The number one challenge every new meditator deals with is making meditation a daily habit.

How I keep a healthy mind is similar to how I keep a healthy immune system. Everyday I eat a good diet and do some form of physical exercise to keep my body healthy. I do this to be proactive incase I get sick. Who actually likes to be paralyzed in bed with the flu?

I meditate everyday to be proactive incase situations arise that cause stress, anxiety, or some overwhelming emotion. I prepare for that moment so that I can step away from the emotion or thought and think clearly. I prepare so that I do not not engage with that emotion or thought instinctively.

The word instinctively is key here. When is there time to think about whether we want to get stressed from a thought which causes stress? There isn’t. We naturally do it, so how do we rewire our minds? By practicing every single day.

During my mindfulness meditation practice, there is a repeated cycle. A thought arises, my mind wanders, I recognize I have wandered, and I return my attention the breath. It is this back and forth that builds my muscle to be present. I am training my mind not to engage with my thoughts and emotions in a relaxed situation for that single moment.

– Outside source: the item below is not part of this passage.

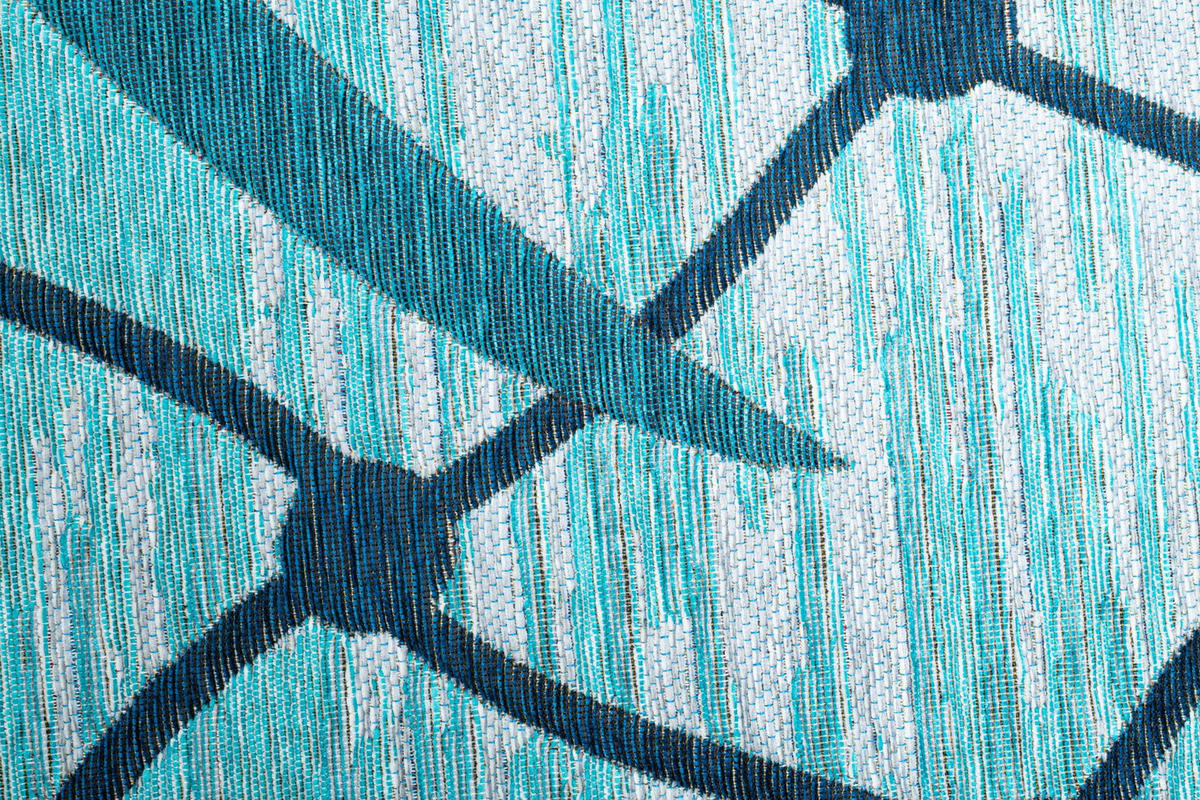 FLACHWEBTEPPICH Keitum 100x100 cm - Türkis, Textil (100/100cm) - Sansibar SYLT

That single moment when I realized I forgot to pay my taxes on time. That single moment when someone cuts me off while driving. That single moment when I look at someone’s picture on Instagram on the beach at Turks and Caicos, while I’m at work stuck in meetings.

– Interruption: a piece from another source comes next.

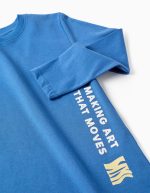 T-shirt à manches longues en coton bleu pour garçon, imprimé « Making Art ». – Image 3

I’m also finding that a growing number of new meditators only meditate when they are stressed out or feel like they are on the verge of an anxiety attack. That’s like if the Karate Kid called Mr. Miyagi to teach him how to throw a punch over the phone while he is in the midst of a fight. You need to train everyday so you can handle the situation naturally and gracefully.

If you find yourself in this category or just starting out, I implore you to meditate everyday to the degree that your schedule allows.

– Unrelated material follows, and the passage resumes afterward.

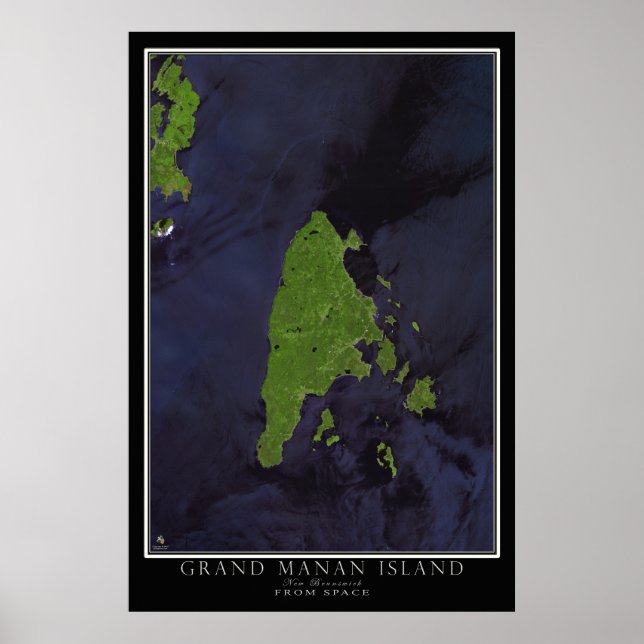 Grand Manan Island New Brunswick Satellite Poster  (Front)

It’s better to meditate 5 minutes per day then an hour or two once per week.

Here are three things that you can do to make sure its part of your routine.

  • Set a consistent time and place. I keep two pillows next to the couch and whip them out first thing every morning. I always meditate right when I get out of bed before I catch up on social media and email.
  • Prepare for your meditation. I reflect on my motivation for meditating before I actually meditate every time. I wrote more about that here.
  • Find someone to keep you accountable. It’s so important to have a friend or community to keep you on track when you veer off. This was big for me.